RECORDS FOR THE EXERCISE:
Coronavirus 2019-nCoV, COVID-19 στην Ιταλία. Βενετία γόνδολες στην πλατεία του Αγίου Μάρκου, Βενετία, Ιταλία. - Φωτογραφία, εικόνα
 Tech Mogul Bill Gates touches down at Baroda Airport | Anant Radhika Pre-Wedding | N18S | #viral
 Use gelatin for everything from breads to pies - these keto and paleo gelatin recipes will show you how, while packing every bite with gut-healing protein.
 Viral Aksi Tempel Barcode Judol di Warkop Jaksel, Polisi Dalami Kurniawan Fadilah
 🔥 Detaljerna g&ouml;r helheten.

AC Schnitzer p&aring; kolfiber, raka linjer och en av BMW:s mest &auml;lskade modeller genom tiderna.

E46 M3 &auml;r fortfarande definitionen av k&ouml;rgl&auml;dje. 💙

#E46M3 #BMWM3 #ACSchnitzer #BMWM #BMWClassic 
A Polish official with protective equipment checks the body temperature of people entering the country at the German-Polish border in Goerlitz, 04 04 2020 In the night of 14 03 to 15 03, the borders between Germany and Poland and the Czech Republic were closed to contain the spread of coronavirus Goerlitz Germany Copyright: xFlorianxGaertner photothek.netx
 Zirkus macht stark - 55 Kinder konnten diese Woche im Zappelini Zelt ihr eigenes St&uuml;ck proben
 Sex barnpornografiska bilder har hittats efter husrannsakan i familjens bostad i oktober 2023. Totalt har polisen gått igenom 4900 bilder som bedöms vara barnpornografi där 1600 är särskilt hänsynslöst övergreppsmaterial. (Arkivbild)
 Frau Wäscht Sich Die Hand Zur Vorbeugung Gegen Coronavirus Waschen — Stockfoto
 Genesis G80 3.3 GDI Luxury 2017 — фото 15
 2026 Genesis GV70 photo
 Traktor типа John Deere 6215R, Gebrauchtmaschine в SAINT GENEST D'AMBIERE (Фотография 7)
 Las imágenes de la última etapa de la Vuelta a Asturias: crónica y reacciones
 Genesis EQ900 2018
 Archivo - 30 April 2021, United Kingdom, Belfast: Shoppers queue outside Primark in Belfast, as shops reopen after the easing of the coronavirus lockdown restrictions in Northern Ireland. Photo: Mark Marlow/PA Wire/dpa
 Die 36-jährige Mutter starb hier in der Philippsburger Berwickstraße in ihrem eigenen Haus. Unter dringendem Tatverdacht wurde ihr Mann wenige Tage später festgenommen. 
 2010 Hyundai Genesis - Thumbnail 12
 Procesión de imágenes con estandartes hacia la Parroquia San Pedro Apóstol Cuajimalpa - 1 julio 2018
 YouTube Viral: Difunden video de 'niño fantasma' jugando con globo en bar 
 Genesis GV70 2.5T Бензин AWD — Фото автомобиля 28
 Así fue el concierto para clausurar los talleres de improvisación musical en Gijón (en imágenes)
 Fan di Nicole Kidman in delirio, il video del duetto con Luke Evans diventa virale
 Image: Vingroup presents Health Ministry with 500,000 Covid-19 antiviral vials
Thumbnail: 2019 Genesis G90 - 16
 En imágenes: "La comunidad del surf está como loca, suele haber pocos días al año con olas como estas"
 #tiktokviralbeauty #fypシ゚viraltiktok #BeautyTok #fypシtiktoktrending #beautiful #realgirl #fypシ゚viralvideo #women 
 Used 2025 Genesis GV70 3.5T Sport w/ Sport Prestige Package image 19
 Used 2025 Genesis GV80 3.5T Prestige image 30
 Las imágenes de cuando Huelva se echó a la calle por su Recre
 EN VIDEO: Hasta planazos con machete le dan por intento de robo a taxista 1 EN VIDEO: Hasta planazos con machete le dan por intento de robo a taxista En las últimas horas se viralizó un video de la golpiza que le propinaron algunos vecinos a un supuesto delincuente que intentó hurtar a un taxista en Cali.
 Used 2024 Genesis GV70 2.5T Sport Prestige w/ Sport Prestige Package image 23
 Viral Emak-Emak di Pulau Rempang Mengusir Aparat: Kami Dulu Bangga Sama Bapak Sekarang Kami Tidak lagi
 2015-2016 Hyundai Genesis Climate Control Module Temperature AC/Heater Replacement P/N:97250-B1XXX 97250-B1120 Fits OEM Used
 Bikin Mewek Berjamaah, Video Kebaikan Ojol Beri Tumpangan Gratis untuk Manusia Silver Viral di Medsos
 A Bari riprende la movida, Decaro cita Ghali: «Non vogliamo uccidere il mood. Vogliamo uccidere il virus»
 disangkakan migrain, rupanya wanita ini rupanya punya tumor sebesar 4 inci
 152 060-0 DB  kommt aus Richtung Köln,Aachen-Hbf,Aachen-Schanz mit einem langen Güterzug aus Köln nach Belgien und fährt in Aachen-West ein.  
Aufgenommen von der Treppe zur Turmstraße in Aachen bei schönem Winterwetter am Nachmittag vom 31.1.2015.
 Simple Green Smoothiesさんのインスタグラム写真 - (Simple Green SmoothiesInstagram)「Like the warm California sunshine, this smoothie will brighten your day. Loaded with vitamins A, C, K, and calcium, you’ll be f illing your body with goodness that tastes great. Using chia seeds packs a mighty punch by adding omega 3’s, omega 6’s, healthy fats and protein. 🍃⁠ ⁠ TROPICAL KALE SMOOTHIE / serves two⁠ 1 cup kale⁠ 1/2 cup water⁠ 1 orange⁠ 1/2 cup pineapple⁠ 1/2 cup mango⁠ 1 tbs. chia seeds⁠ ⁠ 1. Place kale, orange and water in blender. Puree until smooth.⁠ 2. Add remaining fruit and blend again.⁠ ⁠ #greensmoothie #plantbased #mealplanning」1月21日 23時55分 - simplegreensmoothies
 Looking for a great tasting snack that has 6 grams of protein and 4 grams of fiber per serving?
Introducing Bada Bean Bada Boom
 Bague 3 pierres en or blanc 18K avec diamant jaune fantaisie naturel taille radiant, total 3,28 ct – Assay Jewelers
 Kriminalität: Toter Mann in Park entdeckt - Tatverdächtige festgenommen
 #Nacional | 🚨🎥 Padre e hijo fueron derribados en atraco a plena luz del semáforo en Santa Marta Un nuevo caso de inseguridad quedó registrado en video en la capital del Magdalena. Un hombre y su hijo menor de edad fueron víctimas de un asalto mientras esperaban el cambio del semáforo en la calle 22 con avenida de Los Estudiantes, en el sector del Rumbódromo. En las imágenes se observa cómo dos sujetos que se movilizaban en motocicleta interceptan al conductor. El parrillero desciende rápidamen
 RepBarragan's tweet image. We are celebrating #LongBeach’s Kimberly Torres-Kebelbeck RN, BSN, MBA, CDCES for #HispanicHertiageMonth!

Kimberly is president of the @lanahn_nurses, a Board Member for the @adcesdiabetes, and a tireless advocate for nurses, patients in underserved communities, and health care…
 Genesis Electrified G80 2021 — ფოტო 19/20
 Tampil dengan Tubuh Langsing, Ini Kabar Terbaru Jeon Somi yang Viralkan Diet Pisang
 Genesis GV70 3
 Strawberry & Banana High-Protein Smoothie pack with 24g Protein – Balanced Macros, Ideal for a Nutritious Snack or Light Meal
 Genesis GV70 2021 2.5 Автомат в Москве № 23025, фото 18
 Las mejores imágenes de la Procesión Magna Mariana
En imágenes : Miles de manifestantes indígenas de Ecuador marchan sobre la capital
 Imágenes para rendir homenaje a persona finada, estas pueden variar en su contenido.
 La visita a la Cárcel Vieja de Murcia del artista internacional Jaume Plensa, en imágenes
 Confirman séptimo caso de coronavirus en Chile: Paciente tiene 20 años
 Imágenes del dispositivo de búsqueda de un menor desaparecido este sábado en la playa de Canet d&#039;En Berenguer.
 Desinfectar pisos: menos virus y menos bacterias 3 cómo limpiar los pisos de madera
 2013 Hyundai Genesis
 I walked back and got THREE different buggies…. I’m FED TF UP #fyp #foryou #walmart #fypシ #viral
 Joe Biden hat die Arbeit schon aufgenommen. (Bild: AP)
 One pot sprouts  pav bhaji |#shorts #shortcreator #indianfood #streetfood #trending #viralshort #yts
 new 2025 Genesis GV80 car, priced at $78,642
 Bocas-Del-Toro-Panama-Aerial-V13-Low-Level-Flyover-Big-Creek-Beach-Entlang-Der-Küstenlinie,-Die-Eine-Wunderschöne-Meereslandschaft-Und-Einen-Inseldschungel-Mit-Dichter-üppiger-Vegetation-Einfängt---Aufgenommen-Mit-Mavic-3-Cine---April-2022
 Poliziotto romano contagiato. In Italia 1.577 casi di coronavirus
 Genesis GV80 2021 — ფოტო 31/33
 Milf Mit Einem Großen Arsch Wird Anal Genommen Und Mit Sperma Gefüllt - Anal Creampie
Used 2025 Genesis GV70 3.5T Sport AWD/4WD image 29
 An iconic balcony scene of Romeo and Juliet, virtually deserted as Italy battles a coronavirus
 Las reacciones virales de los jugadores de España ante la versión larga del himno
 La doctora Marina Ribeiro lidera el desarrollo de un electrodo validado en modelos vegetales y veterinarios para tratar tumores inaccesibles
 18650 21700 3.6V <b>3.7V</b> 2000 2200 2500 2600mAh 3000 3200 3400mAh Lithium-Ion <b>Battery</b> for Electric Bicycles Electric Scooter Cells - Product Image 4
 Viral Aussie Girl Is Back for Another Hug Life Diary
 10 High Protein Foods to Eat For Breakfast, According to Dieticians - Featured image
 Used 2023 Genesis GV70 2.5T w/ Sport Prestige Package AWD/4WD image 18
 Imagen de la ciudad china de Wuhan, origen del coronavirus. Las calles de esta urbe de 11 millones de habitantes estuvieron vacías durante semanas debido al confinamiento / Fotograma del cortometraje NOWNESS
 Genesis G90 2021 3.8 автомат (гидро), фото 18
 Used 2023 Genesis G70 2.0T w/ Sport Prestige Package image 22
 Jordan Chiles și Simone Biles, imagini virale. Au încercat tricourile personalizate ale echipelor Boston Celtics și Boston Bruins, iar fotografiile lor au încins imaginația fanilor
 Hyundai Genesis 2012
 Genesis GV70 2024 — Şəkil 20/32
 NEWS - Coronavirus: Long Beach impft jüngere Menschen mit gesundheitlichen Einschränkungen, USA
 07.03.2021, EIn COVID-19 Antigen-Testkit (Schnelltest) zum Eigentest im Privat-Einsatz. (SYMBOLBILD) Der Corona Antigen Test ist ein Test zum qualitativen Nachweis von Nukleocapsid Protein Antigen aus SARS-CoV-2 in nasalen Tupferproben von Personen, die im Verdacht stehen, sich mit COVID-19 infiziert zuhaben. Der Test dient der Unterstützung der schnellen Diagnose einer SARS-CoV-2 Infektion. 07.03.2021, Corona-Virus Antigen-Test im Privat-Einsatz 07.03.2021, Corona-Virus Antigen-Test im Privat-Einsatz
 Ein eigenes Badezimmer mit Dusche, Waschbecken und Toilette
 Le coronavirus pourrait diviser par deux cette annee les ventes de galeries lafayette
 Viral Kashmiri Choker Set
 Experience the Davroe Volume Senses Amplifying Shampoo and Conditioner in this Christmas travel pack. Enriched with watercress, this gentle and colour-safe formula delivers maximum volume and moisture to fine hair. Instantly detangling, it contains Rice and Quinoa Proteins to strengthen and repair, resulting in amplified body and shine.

REQUIRED WORK:
Wherever the string "fypシ" appears in a line of the records, copy that line.

RESULT OF THE EXERCISE:
 #tiktokviralbeauty #fypシ゚viraltiktok #BeautyTok #fypシtiktoktrending #beautiful #realgirl #fypシ゚viralvideo #women 
 I walked back and got THREE different buggies…. I’m FED TF UP #fyp #foryou #walmart #fypシ #viral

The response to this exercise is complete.